== Segment start ==
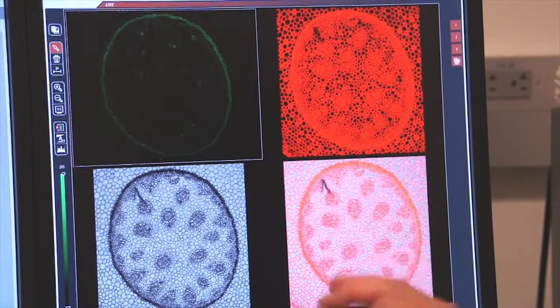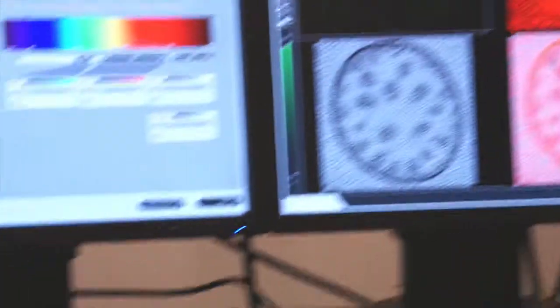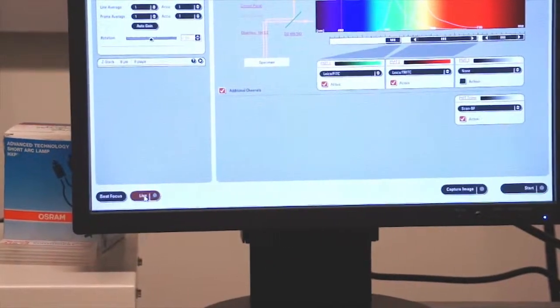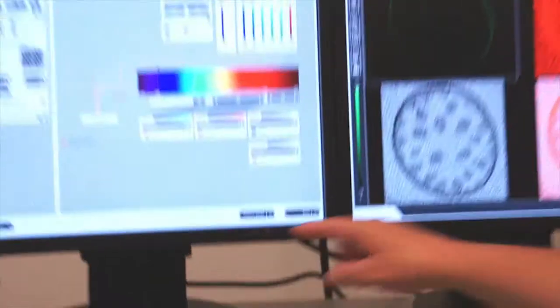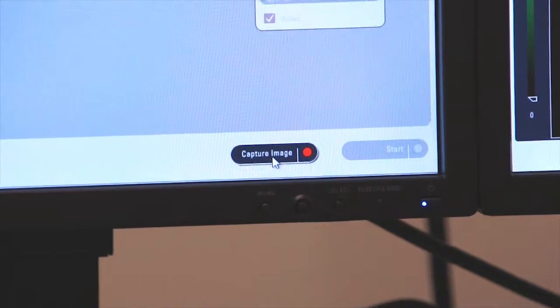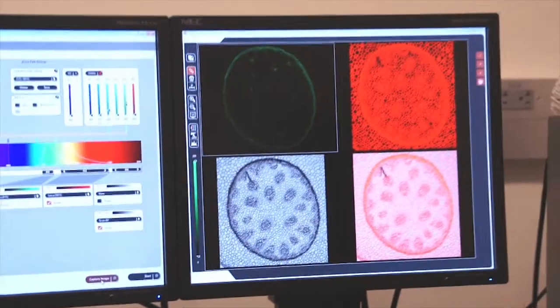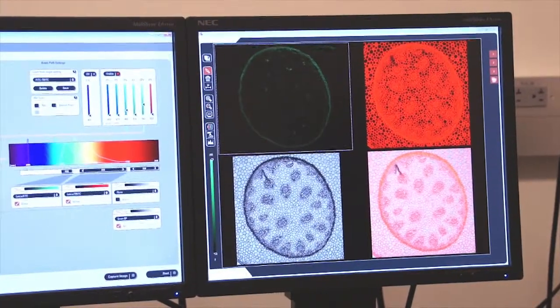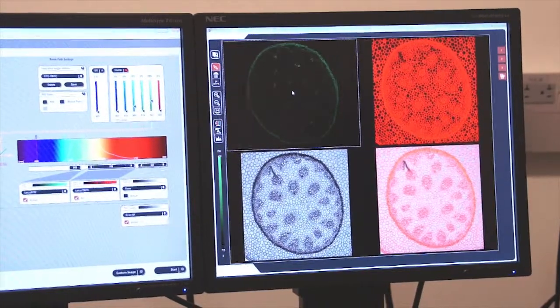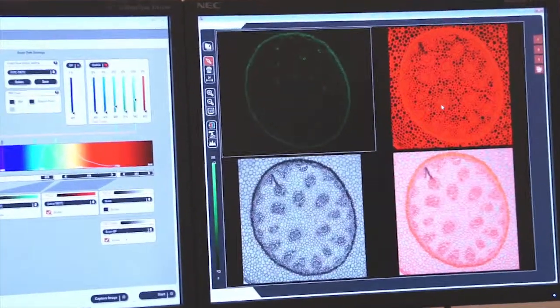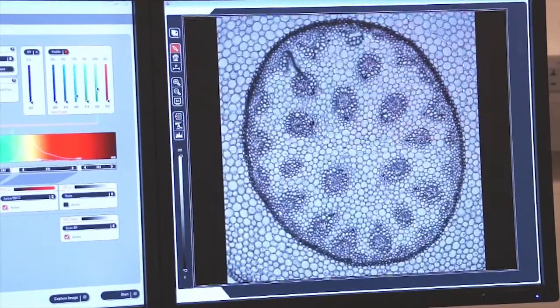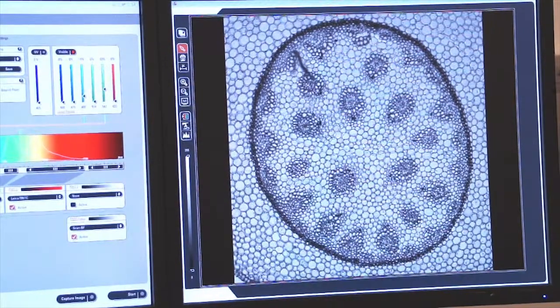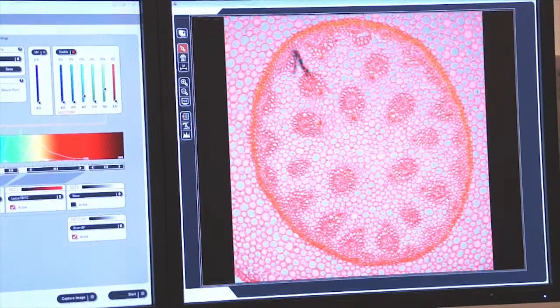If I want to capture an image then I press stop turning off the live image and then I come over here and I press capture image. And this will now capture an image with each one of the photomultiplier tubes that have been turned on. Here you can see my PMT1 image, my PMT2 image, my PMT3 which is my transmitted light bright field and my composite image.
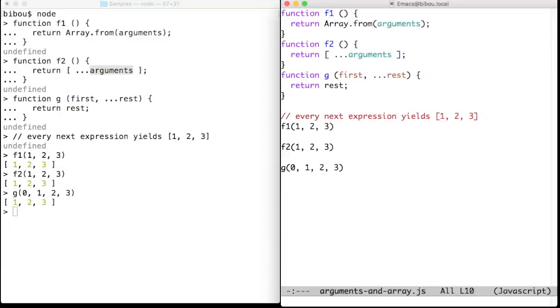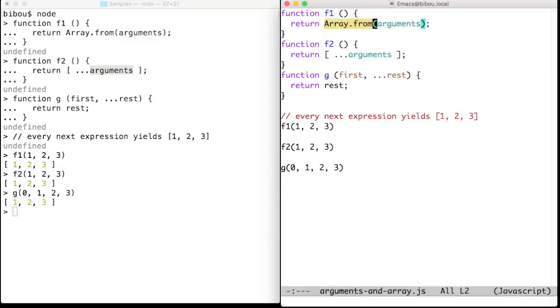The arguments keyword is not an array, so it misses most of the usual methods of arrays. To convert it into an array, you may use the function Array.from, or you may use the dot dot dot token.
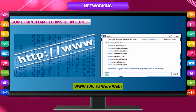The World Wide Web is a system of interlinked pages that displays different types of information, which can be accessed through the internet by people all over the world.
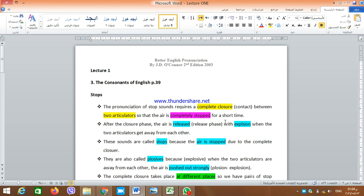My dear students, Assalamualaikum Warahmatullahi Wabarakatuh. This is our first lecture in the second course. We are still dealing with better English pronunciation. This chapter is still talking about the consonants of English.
== Segment end ==
**Your instructions:** In the data above, find the line with "The arguments keyword" and repeat it and every line after it through the end, exactly; leave the pictures out.

**Problem solution:**
The arguments keyword is not an array, so it misses most of the usual methods of arrays. To convert it into an array, you may use the function Array.from, or you may use the dot dot dot token.
The World Wide Web is a system of interlinked pages that displays different types of information, which can be accessed through the internet by people all over the world.
My dear students, Assalamualaikum Warahmatullahi Wabarakatuh. This is our first lecture in the second course. We are still dealing with better English pronunciation. This chapter is still talking about the consonants of English.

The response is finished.